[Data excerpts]
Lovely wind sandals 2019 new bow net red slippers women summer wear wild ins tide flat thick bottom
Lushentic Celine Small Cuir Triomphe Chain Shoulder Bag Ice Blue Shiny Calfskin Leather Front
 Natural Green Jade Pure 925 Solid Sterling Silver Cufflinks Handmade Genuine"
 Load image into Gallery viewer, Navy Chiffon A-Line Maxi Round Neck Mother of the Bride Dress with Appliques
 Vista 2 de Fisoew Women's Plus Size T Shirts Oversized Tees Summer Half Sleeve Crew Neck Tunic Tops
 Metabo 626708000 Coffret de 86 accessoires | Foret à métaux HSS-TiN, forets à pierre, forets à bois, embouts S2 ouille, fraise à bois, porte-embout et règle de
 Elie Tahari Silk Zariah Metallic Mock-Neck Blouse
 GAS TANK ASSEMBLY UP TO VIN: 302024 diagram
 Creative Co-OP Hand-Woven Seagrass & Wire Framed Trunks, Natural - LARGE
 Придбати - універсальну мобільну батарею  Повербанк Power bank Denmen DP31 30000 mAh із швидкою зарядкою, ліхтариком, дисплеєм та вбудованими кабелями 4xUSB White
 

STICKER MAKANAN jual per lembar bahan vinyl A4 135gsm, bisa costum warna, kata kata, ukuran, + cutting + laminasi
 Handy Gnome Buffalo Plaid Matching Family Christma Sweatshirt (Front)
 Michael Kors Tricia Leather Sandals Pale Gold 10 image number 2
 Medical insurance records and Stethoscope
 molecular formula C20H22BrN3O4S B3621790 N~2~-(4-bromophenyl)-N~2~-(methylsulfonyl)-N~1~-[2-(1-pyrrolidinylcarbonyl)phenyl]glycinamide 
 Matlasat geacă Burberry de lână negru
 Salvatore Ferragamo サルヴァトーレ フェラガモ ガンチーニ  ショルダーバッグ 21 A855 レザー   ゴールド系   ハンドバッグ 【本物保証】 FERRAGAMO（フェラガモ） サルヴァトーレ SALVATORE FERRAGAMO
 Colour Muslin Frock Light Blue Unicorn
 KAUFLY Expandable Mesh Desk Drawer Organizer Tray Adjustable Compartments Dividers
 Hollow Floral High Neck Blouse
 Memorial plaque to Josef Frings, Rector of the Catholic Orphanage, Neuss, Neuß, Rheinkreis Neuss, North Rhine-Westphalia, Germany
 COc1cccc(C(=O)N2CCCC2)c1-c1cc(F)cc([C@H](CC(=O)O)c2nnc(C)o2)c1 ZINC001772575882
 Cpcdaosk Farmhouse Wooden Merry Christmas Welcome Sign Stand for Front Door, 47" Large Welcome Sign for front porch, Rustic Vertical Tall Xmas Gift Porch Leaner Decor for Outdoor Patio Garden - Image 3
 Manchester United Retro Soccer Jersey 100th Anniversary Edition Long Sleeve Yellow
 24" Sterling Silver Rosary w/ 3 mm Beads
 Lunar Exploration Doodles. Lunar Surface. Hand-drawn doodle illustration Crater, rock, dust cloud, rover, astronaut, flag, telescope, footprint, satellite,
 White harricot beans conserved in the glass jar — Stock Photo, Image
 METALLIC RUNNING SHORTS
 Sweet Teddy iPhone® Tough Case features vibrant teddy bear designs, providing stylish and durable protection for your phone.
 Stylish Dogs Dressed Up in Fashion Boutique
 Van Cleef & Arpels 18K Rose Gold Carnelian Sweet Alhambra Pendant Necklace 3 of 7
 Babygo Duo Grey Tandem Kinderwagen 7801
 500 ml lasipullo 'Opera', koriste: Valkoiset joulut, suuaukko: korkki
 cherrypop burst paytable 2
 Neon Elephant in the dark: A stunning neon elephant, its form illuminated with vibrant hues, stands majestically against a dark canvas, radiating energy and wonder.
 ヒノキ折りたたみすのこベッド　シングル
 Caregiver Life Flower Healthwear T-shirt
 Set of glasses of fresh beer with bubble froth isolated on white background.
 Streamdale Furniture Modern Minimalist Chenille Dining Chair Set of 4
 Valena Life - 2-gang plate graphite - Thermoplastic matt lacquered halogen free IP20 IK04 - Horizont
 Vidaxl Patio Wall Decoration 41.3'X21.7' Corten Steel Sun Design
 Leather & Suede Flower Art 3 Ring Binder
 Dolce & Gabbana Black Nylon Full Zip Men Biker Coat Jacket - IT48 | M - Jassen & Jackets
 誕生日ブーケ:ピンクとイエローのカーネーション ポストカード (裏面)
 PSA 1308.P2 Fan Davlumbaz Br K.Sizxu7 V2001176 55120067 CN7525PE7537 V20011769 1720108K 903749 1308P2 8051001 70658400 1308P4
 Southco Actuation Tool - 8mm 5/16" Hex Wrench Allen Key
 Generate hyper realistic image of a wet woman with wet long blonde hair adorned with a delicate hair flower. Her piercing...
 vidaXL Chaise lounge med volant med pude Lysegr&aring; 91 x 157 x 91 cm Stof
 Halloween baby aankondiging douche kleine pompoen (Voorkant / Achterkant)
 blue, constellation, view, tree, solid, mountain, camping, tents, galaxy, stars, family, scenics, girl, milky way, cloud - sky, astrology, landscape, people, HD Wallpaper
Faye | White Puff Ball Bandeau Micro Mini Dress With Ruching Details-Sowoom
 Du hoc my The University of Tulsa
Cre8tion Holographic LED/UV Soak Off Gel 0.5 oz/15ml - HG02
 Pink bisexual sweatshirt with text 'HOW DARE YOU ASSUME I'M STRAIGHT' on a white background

DIRECTIONS FOR THIS TASK: The full set of records above is to be printed again verbatim.

EXERCISE RESULT:
Lovely wind sandals 2019 new bow net red slippers women summer wear wild ins tide flat thick bottom
Lushentic Celine Small Cuir Triomphe Chain Shoulder Bag Ice Blue Shiny Calfskin Leather Front
 Natural Green Jade Pure 925 Solid Sterling Silver Cufflinks Handmade Genuine"
 Load image into Gallery viewer, Navy Chiffon A-Line Maxi Round Neck Mother of the Bride Dress with Appliques
 Vista 2 de Fisoew Women's Plus Size T Shirts Oversized Tees Summer Half Sleeve Crew Neck Tunic Tops
 Metabo 626708000 Coffret de 86 accessoires | Foret à métaux HSS-TiN, forets à pierre, forets à bois, embouts S2 ouille, fraise à bois, porte-embout et règle de
 Elie Tahari Silk Zariah Metallic Mock-Neck Blouse
 GAS TANK ASSEMBLY UP TO VIN: 302024 diagram
 Creative Co-OP Hand-Woven Seagrass & Wire Framed Trunks, Natural - LARGE
 Придбати - універсальну мобільну батарею  Повербанк Power bank Denmen DP31 30000 mAh із швидкою зарядкою, ліхтариком, дисплеєм та вбудованими кабелями 4xUSB White
 

STICKER MAKANAN jual per lembar bahan vinyl A4 135gsm, bisa costum warna, kata kata, ukuran, + cutting + laminasi
 Handy Gnome Buffalo Plaid Matching Family Christma Sweatshirt (Front)
 Michael Kors Tricia Leather Sandals Pale Gold 10 image number 2
 Medical insurance records and Stethoscope
 molecular formula C20H22BrN3O4S B3621790 N~2~-(4-bromophenyl)-N~2~-(methylsulfonyl)-N~1~-[2-(1-pyrrolidinylcarbonyl)phenyl]glycinamide 
 Matlasat geacă Burberry de lână negru
 Salvatore Ferragamo サルヴァトーレ フェラガモ ガンチーニ  ショルダーバッグ 21 A855 レザー   ゴールド系   ハンドバッグ 【本物保証】 FERRAGAMO（フェラガモ） サルヴァトーレ SALVATORE FERRAGAMO
 Colour Muslin Frock Light Blue Unicorn
 KAUFLY Expandable Mesh Desk Drawer Organizer Tray Adjustable Compartments Dividers
 Hollow Floral High Neck Blouse
 Memorial plaque to Josef Frings, Rector of the Catholic Orphanage, Neuss, Neuß, Rheinkreis Neuss, North Rhine-Westphalia, Germany
 COc1cccc(C(=O)N2CCCC2)c1-c1cc(F)cc([C@H](CC(=O)O)c2nnc(C)o2)c1 ZINC001772575882
 Cpcdaosk Farmhouse Wooden Merry Christmas Welcome Sign Stand for Front Door, 47" Large Welcome Sign for front porch, Rustic Vertical Tall Xmas Gift Porch Leaner Decor for Outdoor Patio Garden - Image 3
 Manchester United Retro Soccer Jersey 100th Anniversary Edition Long Sleeve Yellow
 24" Sterling Silver Rosary w/ 3 mm Beads
 Lunar Exploration Doodles. Lunar Surface. Hand-drawn doodle illustration Crater, rock, dust cloud, rover, astronaut, flag, telescope, footprint, satellite,
 White harricot beans conserved in the glass jar — Stock Photo, Image
 METALLIC RUNNING SHORTS
 Sweet Teddy iPhone® Tough Case features vibrant teddy bear designs, providing stylish and durable protection for your phone.
 Stylish Dogs Dressed Up in Fashion Boutique
 Van Cleef & Arpels 18K Rose Gold Carnelian Sweet Alhambra Pendant Necklace 3 of 7
 Babygo Duo Grey Tandem Kinderwagen 7801
 500 ml lasipullo 'Opera', koriste: Valkoiset joulut, suuaukko: korkki
 cherrypop burst paytable 2
 Neon Elephant in the dark: A stunning neon elephant, its form illuminated with vibrant hues, stands majestically against a dark canvas, radiating energy and wonder.
 ヒノキ折りたたみすのこベッド　シングル
 Caregiver Life Flower Healthwear T-shirt
 Set of glasses of fresh beer with bubble froth isolated on white background.
 Streamdale Furniture Modern Minimalist Chenille Dining Chair Set of 4
 Valena Life - 2-gang plate graphite - Thermoplastic matt lacquered halogen free IP20 IK04 - Horizont
 Vidaxl Patio Wall Decoration 41.3'X21.7' Corten Steel Sun Design
 Leather & Suede Flower Art 3 Ring Binder
 Dolce & Gabbana Black Nylon Full Zip Men Biker Coat Jacket - IT48 | M - Jassen & Jackets
 誕生日ブーケ:ピンクとイエローのカーネーション ポストカード (裏面)
 PSA 1308.P2 Fan Davlumbaz Br K.Sizxu7 V2001176 55120067 CN7525PE7537 V20011769 1720108K 903749 1308P2 8051001 70658400 1308P4
 Southco Actuation Tool - 8mm 5/16" Hex Wrench Allen Key
 Generate hyper realistic image of a wet woman with wet long blonde hair adorned with a delicate hair flower. Her piercing...
 vidaXL Chaise lounge med volant med pude Lysegr&aring; 91 x 157 x 91 cm Stof
 Halloween baby aankondiging douche kleine pompoen (Voorkant / Achterkant)
 blue, constellation, view, tree, solid, mountain, camping, tents, galaxy, stars, family, scenics, girl, milky way, cloud - sky, astrology, landscape, people, HD Wallpaper
Faye | White Puff Ball Bandeau Micro Mini Dress With Ruching Details-Sowoom
 Du hoc my The University of Tulsa
Cre8tion Holographic LED/UV Soak Off Gel 0.5 oz/15ml - HG02
 Pink bisexual sweatshirt with text 'HOW DARE YOU ASSUME I'M STRAIGHT' on a white background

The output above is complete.